En el pabellón había mucho movimiento. Dos médicos jóvenes cambiaban vendajes y examinaban heridas. Una enfermera que no aparentaba más de quince o dieciséis años acarreaba cubos de agua sucia, con los hombros caídos debido al esfuerzo que hacía para no derramarlos. Una mujer vieja a duras penas podía con un cubo de carbón y Evan se ofreció a llevarlo, pero ella rehusó mirando nerviosamente a Riley. Otra enfermera agarró un amasijo de ropa sucia y pasó rozándolos apartando la mirada. Riley parecía no percatarse de nada, toda su atención se centraba en los pacientes.

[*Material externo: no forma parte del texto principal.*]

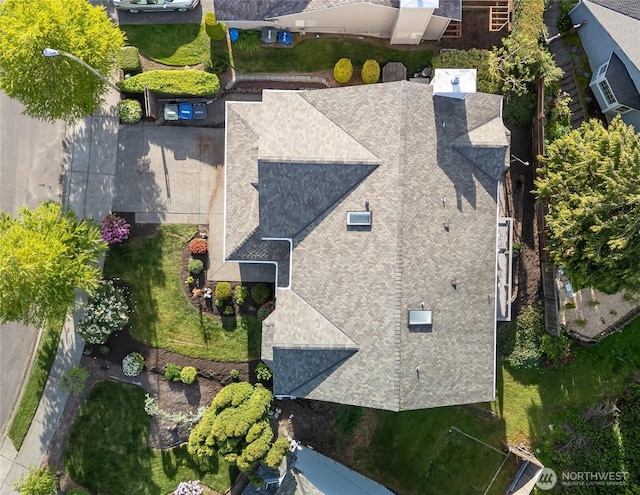 aerial view of property and surrounding area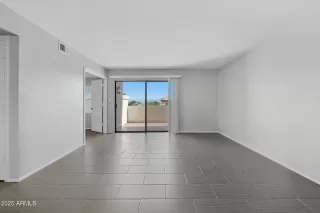 Photo #6: 6917022 Listing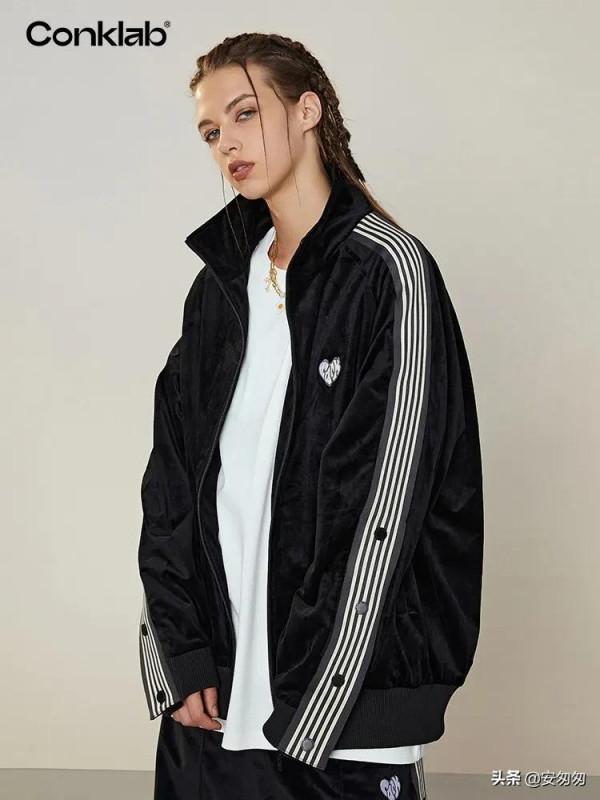 張小斐火出圈的絲絨外套，真的這麼好看嗎？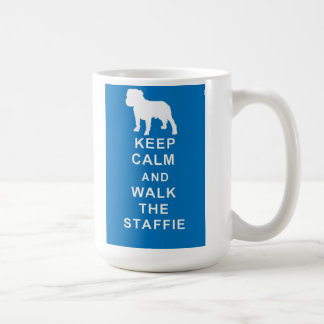Staffieは穏やかな歩行のStaffieのマグの誕生日を保ちます コーヒーマグカップ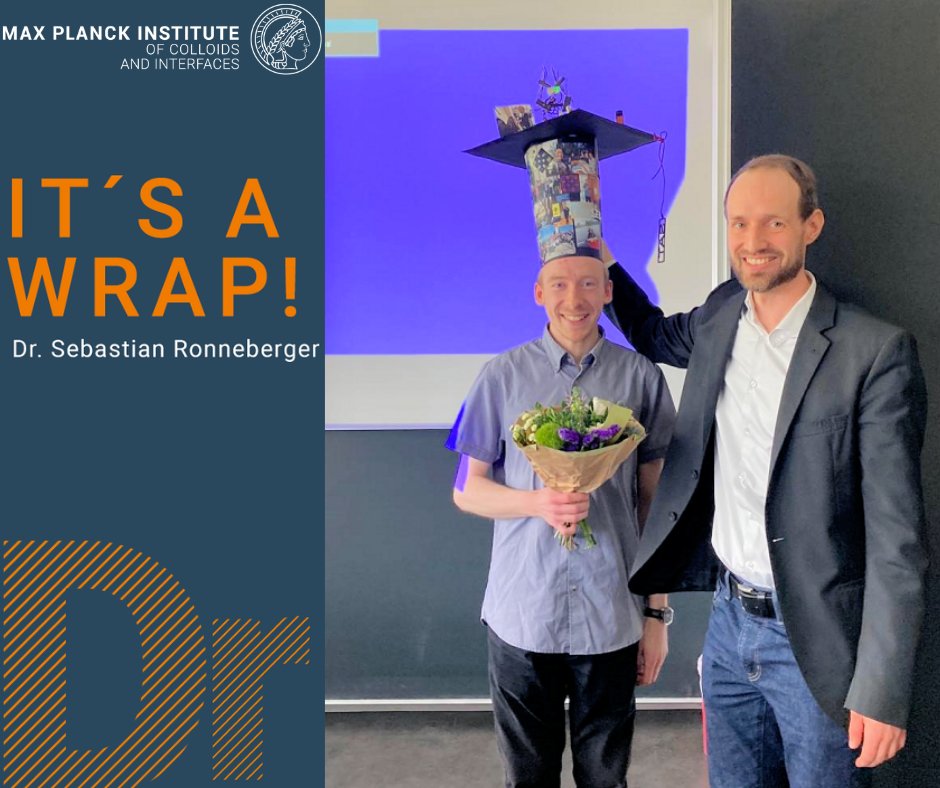 Congrats to the new DR in the house! Sebastian Ronneberger successfully defended his #PhD thesis: 'Nanolayer Fused Deposition Modeling (#NanoFDM). From 2D information labels to #4Dprinting' at @unipotsdam (Supervisor: @FelixLoeffler ). Stay tuned for an upcoming #paper!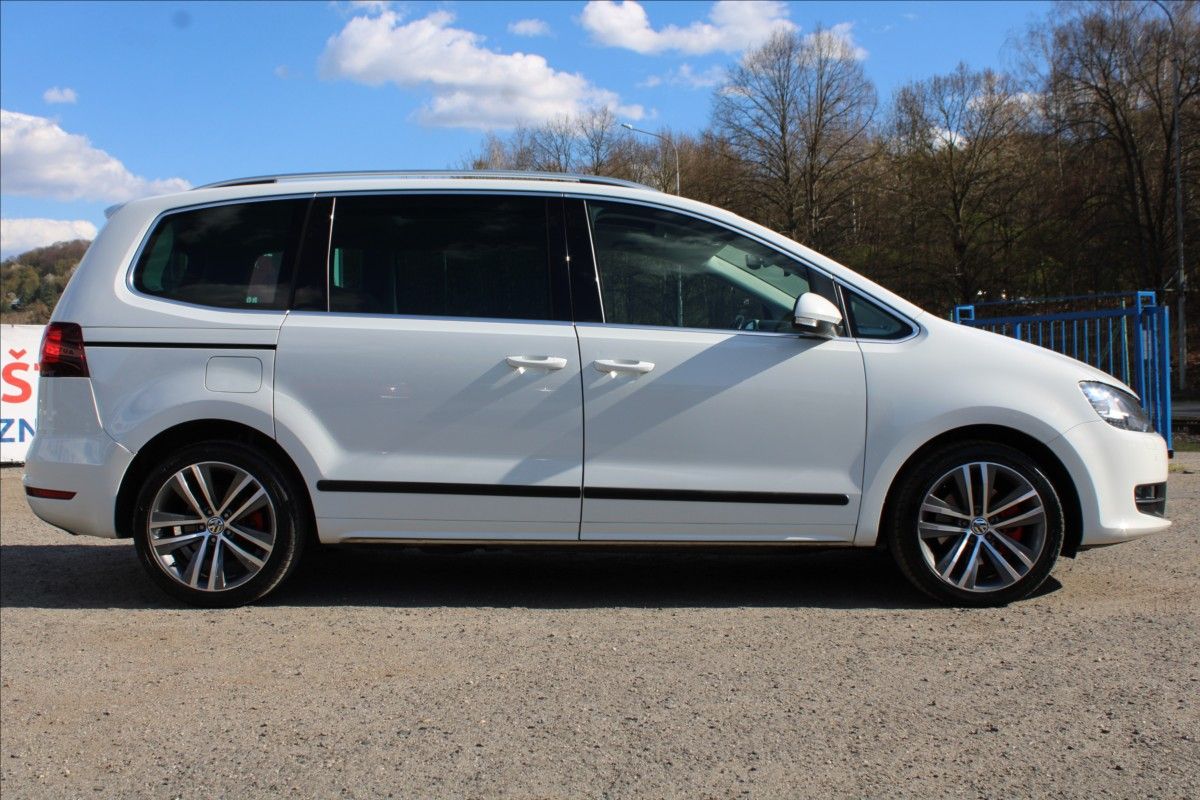 Volkswagen Sharan, 2,0 TDI  HIGHLINE,DSG,TAŽNÉ - fotka 4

Evan le siguió hasta el fondo del pabellón, donde vio con un profundo alivio, borrado de inmediato por la angustia, que Rhys Duff yacía inmóvil boca arriba con los ojos abiertos, unos ojos grandes y oscuros que miraban fijamente al techo donde se diría que sólo veían horror.
Riley se detuvo junto a la cama y le miró con cierta preocupación.
– Buenos días, señor Duff -dijo muy despacio-. Se encuentra usted en el hospital de St Thomas. Yo me llamo Riley. ¿Cómo se encuentra?
Rhys Duff volvió ligeramente la cabeza hasta que sus ojos encontraron a Riley.